Костолом отпирался, как мог, говорил, что издеваться над людьми ему приказал сам Гитлер. Но ничего не помогло. Соломон Моисеевич и другие заключенные рассказали суду всю правду, и фашистского палача приговорили к расстрелу.
Конечно, об этом написали все немецкие газеты, а потом перепечатали и в других странах.
Вышла газета и в Бельгии, где жила младшая дочь Соломона Моисеевича Софочка. Там были крупные фотографии фашистского врача – в эсэсовской форме и уже переодетого в бразильскую одежду, – прежняя и новая фамилии, даже фамилии тех, кто помогал ему издеваться над узниками концлагеря. Но вот самих узников – только групповая фотография без всяких фамилий.
Я уже говорил, что Соломона Моисеевича после фашистского плена можно было угадать только по голосу. Все остальное изменилось до неузнаваемости. Но Софочка узнала! Тринадцатилетняя девочка, у которой от концлагеря остался только выколотый на руке номер, возвращалась из школы. Шла себе по Брюсселю, и вдруг ее словно кто-то толкнул. Поднимает глаза: на витрине киоска – газета с фотографией, а с фотографии смотрит папа! Конечно же, исхудавший до невозможности, вместо кудрей – лысина, лицо изуродовано, но папа! Не сомневалась ни минутки.

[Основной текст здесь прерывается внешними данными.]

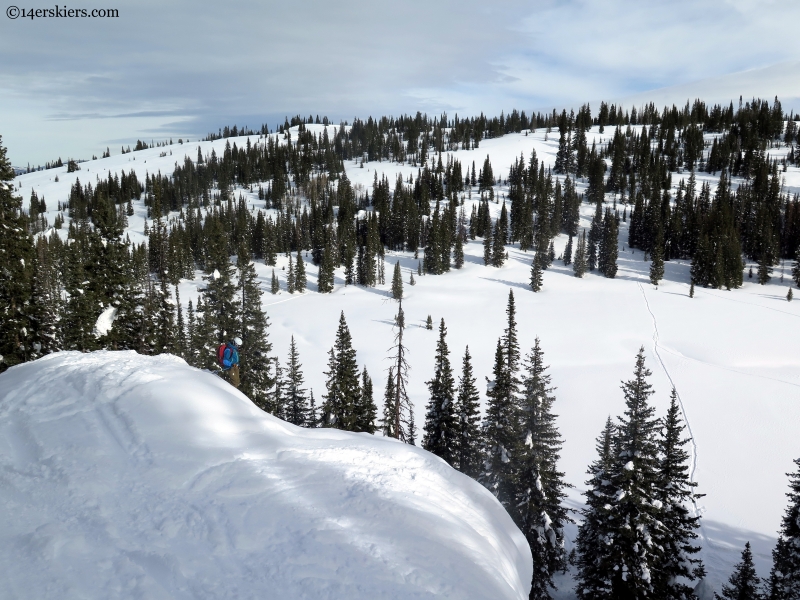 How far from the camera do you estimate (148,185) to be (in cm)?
17075

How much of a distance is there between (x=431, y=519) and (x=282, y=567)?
3.12m

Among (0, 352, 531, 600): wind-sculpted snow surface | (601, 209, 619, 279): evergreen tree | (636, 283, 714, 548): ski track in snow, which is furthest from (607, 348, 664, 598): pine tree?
(601, 209, 619, 279): evergreen tree

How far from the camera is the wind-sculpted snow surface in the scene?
659 centimetres

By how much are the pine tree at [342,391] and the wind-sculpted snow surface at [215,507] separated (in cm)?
1563

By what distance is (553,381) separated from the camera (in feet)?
160

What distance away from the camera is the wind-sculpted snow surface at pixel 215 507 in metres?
6.59

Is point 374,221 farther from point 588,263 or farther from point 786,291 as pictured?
point 786,291

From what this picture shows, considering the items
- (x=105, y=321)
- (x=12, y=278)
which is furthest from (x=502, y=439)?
(x=12, y=278)

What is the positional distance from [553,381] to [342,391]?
95.9ft

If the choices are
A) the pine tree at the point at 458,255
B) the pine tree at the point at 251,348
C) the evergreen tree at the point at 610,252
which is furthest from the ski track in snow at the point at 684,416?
the pine tree at the point at 458,255

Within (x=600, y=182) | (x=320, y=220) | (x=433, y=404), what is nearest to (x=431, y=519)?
(x=433, y=404)

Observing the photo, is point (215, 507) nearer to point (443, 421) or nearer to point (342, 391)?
point (342, 391)

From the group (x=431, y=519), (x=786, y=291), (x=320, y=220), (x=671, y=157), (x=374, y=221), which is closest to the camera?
(x=431, y=519)

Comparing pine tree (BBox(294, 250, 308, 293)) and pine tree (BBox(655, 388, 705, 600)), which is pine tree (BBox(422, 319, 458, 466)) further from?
pine tree (BBox(294, 250, 308, 293)) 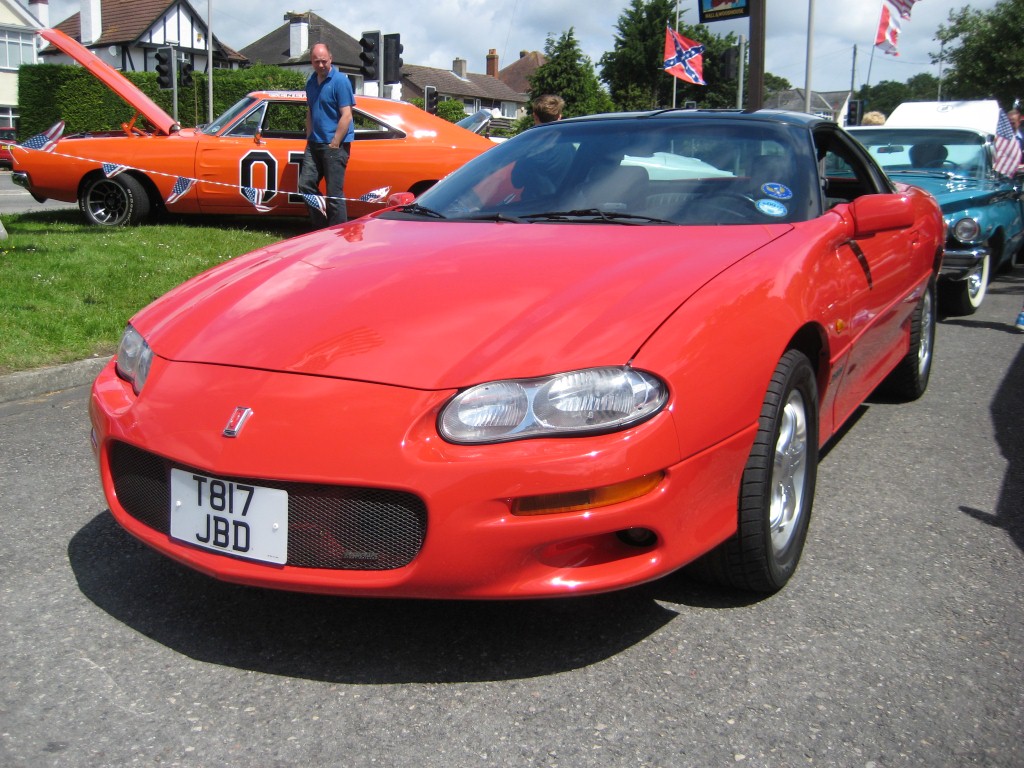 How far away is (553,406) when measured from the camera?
2254 millimetres

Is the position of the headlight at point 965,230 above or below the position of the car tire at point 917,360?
above

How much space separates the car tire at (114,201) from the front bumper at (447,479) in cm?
812

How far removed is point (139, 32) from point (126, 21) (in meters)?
2.45

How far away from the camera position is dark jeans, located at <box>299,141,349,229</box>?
8992mm

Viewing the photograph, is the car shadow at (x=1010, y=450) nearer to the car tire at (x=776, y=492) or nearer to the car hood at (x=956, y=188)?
the car tire at (x=776, y=492)

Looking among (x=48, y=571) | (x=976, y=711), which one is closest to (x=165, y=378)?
(x=48, y=571)

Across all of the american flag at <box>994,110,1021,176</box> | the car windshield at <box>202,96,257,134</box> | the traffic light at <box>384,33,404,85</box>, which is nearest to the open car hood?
the car windshield at <box>202,96,257,134</box>

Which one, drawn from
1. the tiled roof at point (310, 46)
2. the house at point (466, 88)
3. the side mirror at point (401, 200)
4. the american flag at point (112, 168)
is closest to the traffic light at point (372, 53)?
the american flag at point (112, 168)

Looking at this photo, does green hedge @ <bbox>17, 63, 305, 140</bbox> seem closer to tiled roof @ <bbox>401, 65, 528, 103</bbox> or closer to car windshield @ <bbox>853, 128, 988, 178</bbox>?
car windshield @ <bbox>853, 128, 988, 178</bbox>

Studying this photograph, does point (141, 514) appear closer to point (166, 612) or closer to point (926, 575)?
point (166, 612)

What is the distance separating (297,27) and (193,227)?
5997cm

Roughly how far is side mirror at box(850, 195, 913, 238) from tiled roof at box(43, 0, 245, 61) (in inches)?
2276

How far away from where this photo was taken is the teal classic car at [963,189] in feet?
24.9

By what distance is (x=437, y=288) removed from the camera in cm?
272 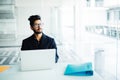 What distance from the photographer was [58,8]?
A: 6.36 m

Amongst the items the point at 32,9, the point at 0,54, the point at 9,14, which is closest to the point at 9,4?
the point at 9,14

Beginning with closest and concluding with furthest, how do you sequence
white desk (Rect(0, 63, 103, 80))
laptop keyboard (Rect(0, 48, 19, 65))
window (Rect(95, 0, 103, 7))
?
white desk (Rect(0, 63, 103, 80)), laptop keyboard (Rect(0, 48, 19, 65)), window (Rect(95, 0, 103, 7))

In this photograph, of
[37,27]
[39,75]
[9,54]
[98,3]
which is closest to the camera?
[39,75]

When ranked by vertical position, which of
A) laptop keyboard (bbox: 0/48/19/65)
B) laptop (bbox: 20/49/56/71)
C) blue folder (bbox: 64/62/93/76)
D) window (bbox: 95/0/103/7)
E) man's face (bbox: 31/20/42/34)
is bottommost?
laptop keyboard (bbox: 0/48/19/65)

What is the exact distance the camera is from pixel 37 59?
59.6 inches

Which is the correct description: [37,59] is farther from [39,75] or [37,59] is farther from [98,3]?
[98,3]

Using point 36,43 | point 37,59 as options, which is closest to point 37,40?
point 36,43

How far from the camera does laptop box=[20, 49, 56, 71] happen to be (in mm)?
1485

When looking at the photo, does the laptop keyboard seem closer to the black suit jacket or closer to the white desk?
the black suit jacket

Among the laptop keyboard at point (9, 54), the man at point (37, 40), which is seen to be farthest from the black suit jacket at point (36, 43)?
the laptop keyboard at point (9, 54)

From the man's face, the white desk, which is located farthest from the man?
the white desk

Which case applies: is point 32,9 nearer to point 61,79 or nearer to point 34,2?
point 34,2

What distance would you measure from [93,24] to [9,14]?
4346 mm

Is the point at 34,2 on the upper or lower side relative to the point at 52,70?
upper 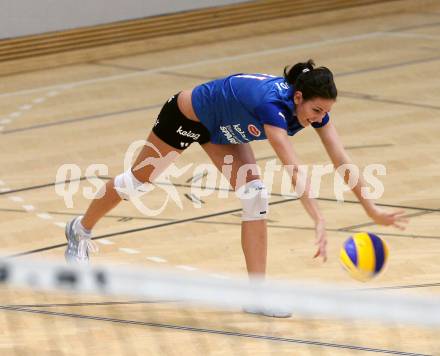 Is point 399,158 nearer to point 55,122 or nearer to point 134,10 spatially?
point 55,122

Дальше все просто. Написали в Германию, оттуда прислали увеличенную фотографию и, главное, адрес отца. В сопровождении женщины из Красного Креста к нам на станцию и приехала. Эта женщина ведет Софочку по указанному в документах адресу, а та просится сначала на базар. Поезд пришел утром, самое время продавать молоко, вот и решила, что отец уже в своей будочке. Наливает в стаканчик молоко, нюхает, пробует на вкус, выливает остатки в серебристое ведерко, наклеивает на бидончики свои бумажки.
Подходят к базару и еще издали слышат:
Паять, лудить,К мастегу не ходить.Мастег далеко живет,Догого бегет:За дыгочку – пять рублей!
Софочка на мгновенье застыла, затем изо всех ног бросилась к торговым прилавкам: – Папа! О том, как споткнулся на полуслове Соломон Моисеевич, как загремел уроненный котелок и как плакали, обнявшись, отец с дочерью, знают все люди. Вера деда Паньковича, которая как раз была на базаре, рассказывала, что вдруг, ни с того ни сего, потух примус, а на пасмурном с утра небе проглянуло солнце.
– Папа, – вдруг спросила, оторвавшись от него, Софочка, – а что ты здесь делаешь? Когда ехала сюда, все время мечтала, как ты меня молочком от ста коровок напоишь. Помнишь, ты приносил в серебряном ведерке и говорил: каждая корова свою травку любит. Одна – люпин, другая – душистый горошек, третья – козлобородник, четвертая – вьюнок или полынь. Если молоко от всех коровок смешать, получится самое вкусное и полезное. Еще говорил, что настоящих принцесс только таким молоком поили.